On Thursday, the Senate Homeland Security and Government Oversight subcommittee on regulatory affairs and federal management subcommittee will conduct "Improving Small Business Input on Federal Regulations: Ideas for Congress and a New Administration” at 10 a.m. (ET).
The hearing will focus on how agencies consider the impact of regulations on small businesses, and whether requirements in the Small Business Regulatory Enforcement Fairness Act (SBREFA) and other statutes are enough to address small business concerns.
“The Consumer Financial Protection Bureau (CFPB) is 1 of 3 agencies that is required to hold SBREFA panels if one of its rulemakings will have a substantial impact on a number of small entities. Many credit unions have participated in the SBREFA process in the past few years,” said Leah Dempsey, CUNA senior director of advocacy and counsel. “Credit unions participating on these panels often expend a lot of time and resources analyzing SBREFA outlines, working to determine how a potential rule could impact their credit union, and flying to D.C. to participate in the daylong panel,”

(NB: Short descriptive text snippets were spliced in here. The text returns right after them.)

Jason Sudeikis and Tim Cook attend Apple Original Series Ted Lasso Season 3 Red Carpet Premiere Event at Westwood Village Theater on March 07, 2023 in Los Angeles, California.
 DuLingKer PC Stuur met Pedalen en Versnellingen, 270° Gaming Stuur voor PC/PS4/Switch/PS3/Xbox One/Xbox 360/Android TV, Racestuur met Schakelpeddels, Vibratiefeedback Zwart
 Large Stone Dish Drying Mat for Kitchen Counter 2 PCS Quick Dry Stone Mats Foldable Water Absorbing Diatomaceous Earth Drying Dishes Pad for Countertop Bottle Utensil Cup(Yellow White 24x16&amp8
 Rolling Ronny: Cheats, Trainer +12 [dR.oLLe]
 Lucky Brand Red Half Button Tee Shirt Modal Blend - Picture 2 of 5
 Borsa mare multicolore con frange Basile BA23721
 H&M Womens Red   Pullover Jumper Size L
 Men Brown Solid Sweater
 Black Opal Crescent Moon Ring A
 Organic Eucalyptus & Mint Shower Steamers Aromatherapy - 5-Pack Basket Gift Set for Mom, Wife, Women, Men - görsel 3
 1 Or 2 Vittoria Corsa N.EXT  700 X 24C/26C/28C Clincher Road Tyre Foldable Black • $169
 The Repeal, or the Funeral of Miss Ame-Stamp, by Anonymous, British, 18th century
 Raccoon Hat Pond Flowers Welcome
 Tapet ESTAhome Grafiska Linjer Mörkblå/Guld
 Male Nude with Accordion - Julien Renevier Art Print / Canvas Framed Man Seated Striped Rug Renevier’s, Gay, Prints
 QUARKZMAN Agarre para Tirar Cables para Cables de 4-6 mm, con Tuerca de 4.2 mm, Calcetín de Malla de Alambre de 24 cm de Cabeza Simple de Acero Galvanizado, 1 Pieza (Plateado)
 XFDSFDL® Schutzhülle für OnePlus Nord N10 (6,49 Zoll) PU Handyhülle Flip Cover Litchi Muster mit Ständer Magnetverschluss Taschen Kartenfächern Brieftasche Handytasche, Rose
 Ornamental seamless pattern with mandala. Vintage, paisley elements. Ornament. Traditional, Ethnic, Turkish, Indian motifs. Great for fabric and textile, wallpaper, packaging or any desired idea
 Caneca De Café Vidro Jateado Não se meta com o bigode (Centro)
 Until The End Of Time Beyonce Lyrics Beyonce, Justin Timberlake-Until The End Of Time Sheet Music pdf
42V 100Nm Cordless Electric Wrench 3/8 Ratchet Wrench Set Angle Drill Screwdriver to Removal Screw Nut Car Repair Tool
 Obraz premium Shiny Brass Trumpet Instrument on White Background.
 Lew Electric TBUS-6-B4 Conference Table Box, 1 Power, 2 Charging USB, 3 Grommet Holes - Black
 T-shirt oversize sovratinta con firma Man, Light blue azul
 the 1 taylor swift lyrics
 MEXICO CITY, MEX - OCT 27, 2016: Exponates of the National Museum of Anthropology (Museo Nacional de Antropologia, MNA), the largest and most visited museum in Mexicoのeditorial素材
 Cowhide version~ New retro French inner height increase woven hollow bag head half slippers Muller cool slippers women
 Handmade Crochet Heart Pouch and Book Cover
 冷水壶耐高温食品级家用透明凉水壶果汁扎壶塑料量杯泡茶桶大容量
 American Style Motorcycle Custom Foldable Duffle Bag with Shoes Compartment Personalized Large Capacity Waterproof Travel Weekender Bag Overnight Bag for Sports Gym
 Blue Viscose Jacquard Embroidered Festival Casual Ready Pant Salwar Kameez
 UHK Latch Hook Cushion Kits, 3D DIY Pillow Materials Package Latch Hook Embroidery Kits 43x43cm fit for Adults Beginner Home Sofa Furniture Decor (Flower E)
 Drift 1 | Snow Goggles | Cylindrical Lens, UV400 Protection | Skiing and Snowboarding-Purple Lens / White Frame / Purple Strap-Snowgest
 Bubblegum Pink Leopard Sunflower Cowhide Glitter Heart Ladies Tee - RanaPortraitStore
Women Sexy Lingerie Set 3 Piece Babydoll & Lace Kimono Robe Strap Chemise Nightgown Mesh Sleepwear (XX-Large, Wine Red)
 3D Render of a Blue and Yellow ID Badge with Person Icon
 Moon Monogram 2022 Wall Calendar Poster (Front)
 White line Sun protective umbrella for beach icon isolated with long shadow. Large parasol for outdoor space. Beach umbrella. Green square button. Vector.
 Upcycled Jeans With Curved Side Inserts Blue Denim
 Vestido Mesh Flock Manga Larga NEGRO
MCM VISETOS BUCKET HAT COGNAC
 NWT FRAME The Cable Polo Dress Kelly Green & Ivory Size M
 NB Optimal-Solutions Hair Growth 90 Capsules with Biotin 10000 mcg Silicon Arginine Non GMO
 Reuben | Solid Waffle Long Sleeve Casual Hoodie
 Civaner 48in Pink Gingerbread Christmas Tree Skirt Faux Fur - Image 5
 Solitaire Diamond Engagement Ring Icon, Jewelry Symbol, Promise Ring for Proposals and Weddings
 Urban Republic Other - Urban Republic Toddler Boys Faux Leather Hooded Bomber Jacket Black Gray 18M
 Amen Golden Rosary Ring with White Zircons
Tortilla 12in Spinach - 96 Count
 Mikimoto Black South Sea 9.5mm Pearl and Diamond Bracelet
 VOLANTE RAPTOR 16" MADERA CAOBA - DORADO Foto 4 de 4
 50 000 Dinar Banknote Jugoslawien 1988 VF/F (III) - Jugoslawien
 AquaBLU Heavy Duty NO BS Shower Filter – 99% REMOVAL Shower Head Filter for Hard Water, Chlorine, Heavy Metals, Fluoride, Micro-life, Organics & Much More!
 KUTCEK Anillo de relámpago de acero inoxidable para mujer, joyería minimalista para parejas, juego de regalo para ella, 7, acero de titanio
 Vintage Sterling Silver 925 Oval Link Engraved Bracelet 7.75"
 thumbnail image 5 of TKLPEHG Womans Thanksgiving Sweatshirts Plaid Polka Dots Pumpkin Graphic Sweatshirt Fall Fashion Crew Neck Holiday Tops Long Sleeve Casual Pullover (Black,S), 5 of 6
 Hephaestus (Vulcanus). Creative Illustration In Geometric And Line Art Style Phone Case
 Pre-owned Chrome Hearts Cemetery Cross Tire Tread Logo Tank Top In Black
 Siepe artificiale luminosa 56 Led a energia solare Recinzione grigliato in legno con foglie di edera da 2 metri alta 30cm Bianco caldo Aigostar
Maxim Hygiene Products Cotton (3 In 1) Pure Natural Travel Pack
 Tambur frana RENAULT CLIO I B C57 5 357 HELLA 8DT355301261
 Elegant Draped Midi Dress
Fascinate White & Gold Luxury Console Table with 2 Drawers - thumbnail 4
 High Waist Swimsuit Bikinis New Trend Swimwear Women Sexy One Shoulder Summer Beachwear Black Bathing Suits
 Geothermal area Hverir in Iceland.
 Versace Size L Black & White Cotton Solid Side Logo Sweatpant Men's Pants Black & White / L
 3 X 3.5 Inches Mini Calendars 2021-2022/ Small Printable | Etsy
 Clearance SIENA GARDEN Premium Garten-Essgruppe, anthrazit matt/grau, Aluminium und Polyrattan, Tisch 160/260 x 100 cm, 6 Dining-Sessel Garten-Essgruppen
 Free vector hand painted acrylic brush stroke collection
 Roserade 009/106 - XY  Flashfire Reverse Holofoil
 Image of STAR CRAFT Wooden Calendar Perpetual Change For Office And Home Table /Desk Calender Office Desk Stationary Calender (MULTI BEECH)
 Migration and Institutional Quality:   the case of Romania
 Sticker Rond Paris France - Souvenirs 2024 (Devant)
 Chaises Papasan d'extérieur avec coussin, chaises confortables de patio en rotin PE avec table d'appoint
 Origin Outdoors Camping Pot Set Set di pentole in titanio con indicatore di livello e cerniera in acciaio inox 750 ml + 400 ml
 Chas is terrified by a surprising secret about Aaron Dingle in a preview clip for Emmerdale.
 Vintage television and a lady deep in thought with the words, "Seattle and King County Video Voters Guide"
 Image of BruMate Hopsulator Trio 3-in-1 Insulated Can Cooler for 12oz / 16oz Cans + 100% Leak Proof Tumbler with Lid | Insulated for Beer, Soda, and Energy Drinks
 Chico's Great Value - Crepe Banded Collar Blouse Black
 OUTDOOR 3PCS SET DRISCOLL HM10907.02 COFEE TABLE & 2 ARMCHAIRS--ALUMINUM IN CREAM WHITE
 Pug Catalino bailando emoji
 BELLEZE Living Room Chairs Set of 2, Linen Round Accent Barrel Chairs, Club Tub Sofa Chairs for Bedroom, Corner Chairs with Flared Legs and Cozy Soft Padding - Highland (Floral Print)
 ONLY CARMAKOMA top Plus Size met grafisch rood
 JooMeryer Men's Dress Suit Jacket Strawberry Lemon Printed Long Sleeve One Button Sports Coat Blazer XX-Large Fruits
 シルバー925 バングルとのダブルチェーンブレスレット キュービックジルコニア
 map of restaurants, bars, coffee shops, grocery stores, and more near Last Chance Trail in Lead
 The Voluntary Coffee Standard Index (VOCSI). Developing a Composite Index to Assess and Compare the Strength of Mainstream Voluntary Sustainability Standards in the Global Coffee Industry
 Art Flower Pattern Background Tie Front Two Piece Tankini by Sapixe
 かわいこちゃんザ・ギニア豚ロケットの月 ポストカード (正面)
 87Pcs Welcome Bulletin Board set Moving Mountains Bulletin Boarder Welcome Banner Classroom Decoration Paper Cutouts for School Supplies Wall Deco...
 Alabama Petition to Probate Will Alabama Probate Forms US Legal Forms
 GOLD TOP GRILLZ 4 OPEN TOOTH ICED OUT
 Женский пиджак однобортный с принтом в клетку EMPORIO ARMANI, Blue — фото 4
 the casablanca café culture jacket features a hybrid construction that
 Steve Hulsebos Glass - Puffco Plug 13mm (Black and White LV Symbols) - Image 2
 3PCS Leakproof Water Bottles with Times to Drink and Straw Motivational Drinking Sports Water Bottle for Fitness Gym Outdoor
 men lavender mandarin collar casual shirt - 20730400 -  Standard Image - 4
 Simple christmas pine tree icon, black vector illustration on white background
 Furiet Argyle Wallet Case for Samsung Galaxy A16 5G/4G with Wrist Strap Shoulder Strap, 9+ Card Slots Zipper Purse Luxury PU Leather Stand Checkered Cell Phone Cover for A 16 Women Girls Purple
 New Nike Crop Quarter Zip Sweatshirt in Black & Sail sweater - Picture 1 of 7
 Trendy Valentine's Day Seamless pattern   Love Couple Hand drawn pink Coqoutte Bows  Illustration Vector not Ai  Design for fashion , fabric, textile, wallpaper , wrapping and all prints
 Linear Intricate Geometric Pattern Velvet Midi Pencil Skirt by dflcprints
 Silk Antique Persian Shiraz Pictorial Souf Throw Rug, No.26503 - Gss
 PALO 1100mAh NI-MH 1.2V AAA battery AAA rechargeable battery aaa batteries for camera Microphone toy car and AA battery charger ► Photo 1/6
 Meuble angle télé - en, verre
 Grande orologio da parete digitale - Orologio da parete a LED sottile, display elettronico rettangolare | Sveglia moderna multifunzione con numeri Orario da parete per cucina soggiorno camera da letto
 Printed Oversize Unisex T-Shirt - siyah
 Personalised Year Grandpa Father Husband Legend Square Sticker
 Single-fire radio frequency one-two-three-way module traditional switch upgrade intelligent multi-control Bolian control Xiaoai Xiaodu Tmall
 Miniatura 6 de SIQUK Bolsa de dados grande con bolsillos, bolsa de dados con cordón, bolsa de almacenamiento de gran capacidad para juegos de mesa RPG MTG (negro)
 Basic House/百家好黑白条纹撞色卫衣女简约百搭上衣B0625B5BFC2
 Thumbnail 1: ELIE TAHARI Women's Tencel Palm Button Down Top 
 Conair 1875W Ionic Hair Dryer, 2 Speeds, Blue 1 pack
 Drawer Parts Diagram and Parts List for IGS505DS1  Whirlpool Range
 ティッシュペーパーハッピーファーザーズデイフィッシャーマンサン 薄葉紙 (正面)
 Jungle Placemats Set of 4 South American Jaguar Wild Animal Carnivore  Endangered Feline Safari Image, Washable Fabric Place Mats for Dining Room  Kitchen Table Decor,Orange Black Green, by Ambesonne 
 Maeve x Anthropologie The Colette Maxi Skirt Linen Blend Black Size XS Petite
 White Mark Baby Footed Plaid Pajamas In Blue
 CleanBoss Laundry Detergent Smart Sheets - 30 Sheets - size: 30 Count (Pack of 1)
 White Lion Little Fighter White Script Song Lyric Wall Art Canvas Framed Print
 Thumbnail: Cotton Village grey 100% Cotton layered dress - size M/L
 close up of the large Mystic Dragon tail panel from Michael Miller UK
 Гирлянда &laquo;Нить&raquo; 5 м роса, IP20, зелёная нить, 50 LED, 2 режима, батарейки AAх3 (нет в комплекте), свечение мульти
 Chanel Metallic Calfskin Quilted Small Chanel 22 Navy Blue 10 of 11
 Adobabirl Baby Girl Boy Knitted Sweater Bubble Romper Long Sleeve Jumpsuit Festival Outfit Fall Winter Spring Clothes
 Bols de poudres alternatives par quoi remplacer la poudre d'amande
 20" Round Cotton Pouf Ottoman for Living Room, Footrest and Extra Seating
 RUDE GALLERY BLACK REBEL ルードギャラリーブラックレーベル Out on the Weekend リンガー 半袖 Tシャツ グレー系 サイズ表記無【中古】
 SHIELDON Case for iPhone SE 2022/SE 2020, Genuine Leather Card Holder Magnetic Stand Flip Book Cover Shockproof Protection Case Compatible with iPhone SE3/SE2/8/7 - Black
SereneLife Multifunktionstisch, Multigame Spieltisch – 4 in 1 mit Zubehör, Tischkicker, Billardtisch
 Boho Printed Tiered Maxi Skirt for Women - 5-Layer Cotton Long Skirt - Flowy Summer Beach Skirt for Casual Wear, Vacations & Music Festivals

“With a few minor exceptions, they have often been disappointed that a number of CFPB’s final rules, even after SBREFA, largely treat small credit unions the same as the largest banks and nonbank providers, which harms their ability to continue to serve consumers," Dempsey added.
CUNA’s letter will outline concerns with the SBREFA process and highlight ways CFPB can improve the process.
CUNA will also highlight issues raised by the Small Business Administration’s Office of Advocacy about the bureau’s proposed short-term, small-dollar rule.
The SBA Office of Advocacy expressed a number of concerns including that the CFPB has underestimated the potential economic impact of this rulemaking on small entities and the CFPB’s proposed rule may deprive consumers of a means of addressing their financial situation.